Another surprise. On top of the bone grip sits the Phrygian cap were the grip fits into. It has this thick ring or flange. You can see it at the before last picture. On top is the peen.
So, I filed a little and gave the hilt a little wack, to get the peen lose. What happened was that the top of the Phrygian cap came off, the piece above the thick flange. I could now look into the Phrygian cap and I saw the tang was screwed to the inside of the cap with a brass nut, onto a plateau. This was something new! Never seen, nor heard of this construction before in the context of antique sabres and swords, most certainly not French ones.
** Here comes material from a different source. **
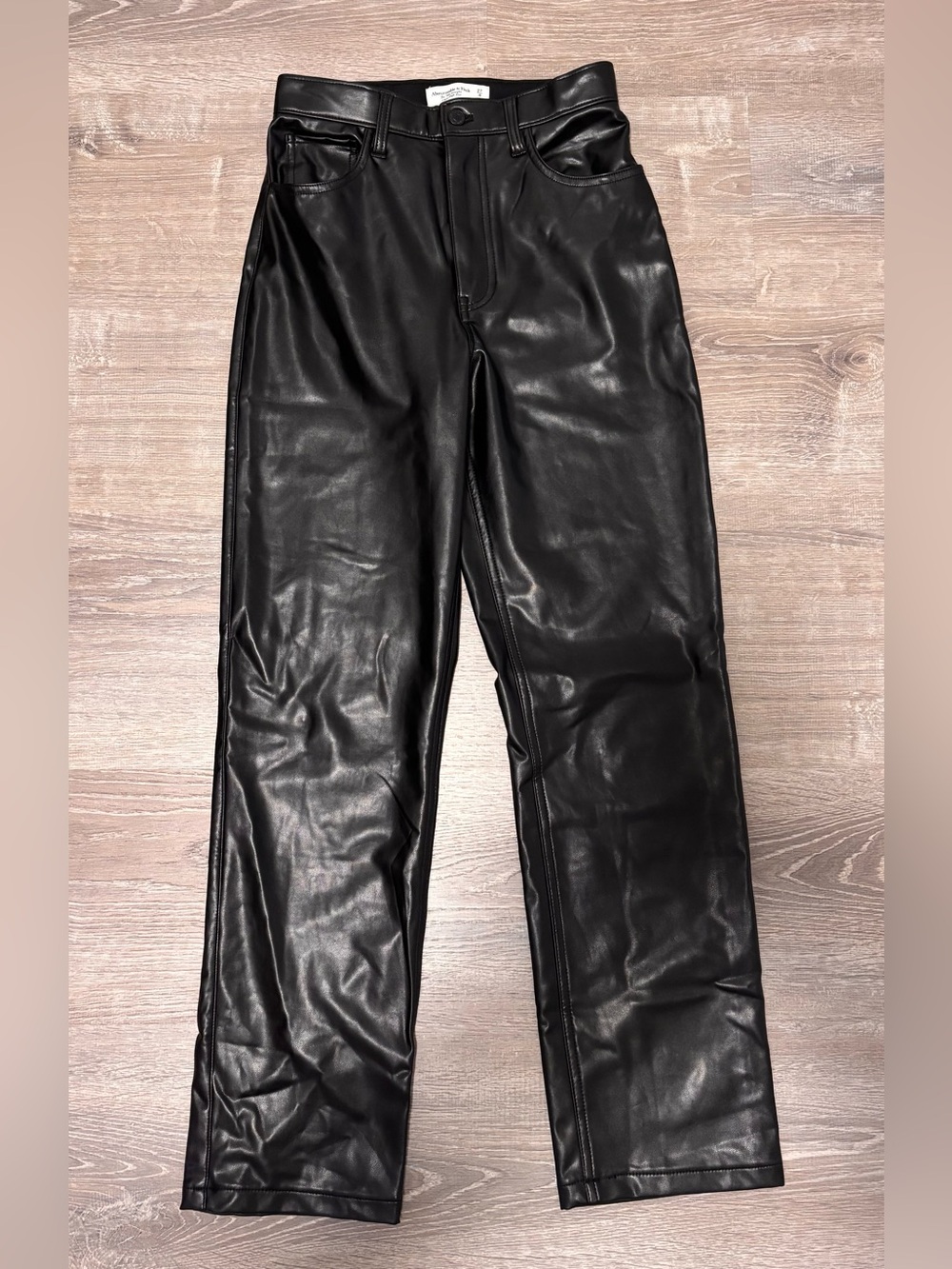 Abercrombie & Fitch Black The 90’s Straight Ultra High Rise Leather Pants 27/4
The tang has a fine thread of about 12mm and it starts well over 10mm under the peen. The nut is made of brass, is flat and square and is about 2-2,5mm thick. I hope to have the gilding done next week and then be able to have somebody make pictures. I do not have a camera yet.
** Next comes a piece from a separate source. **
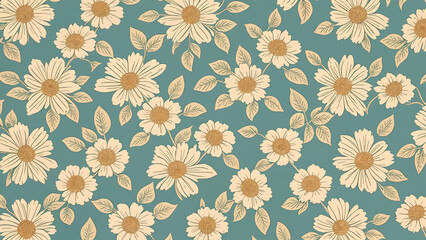A Detailed Vintage Floral Pattern On A Textured Fabric Background Featuring Flowers. Ideal For Design Projects, Craft Work, Or As Wallpaper Inspiration.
Now for some details of the sword:
Maker of the blade: Manufacture Imperiale de St. Etienne.
Strange, since St. Etienne did and still does, bajonets and fire arms. Not swords.
The poincons: B in shield and B in circle.
Looking at the stats for St. Etienne, I get two possible time frames:
B: Commandant Briand= 1856 - 1862.
Or: Colonel Boigeol = 1866 - 1873.
Caveat: Here I make the asumption that everything leaving St. Etienne was marked with the same poincons as the fire arms.
The tang is marked R A. It is (fire) blued and the tip (peen) is quite soft.
The scabbard carries the same poincons.
The hilt was done by Diquel Paris.
The blade is the Officers standard 86 cm long and is at the shoulders 7mm thick.
The weight is 400 grams.
The hilt components weigh 465 grams.
So the sword weighs the grand total of 865 grams.
The scabbard weighs 447 grams.
This is a highly fencible and light sword, stiff, although with some flex to the blade. Just right, I think, for a light, fast cutter and a mean stabber.
When I got the sword, I noticed that the blade was only in a factory polish. Grind marks all over. Chatellerault or Klingenthal did much better, or Mr. Diquel left it just as is. The blade was almost cutting sharp though.
I polished the blade. Now it is much better, as it should have been. No more grind marks and with sharp lines and 99% of the spotting is gone. The hilt I polished and I took some little dents out that annoyed me. A few others I left, for old times sake. The scabbard had some very small dents, hard to spot, but was quite dark. I took the wirebrush to it, followed by the fine bronze brush and Mothers as a final step. It is now shiny and the small amount of pitting is mostly gone. When I am done the sword will be at 90% of its former glory, while still retaining its antique aura.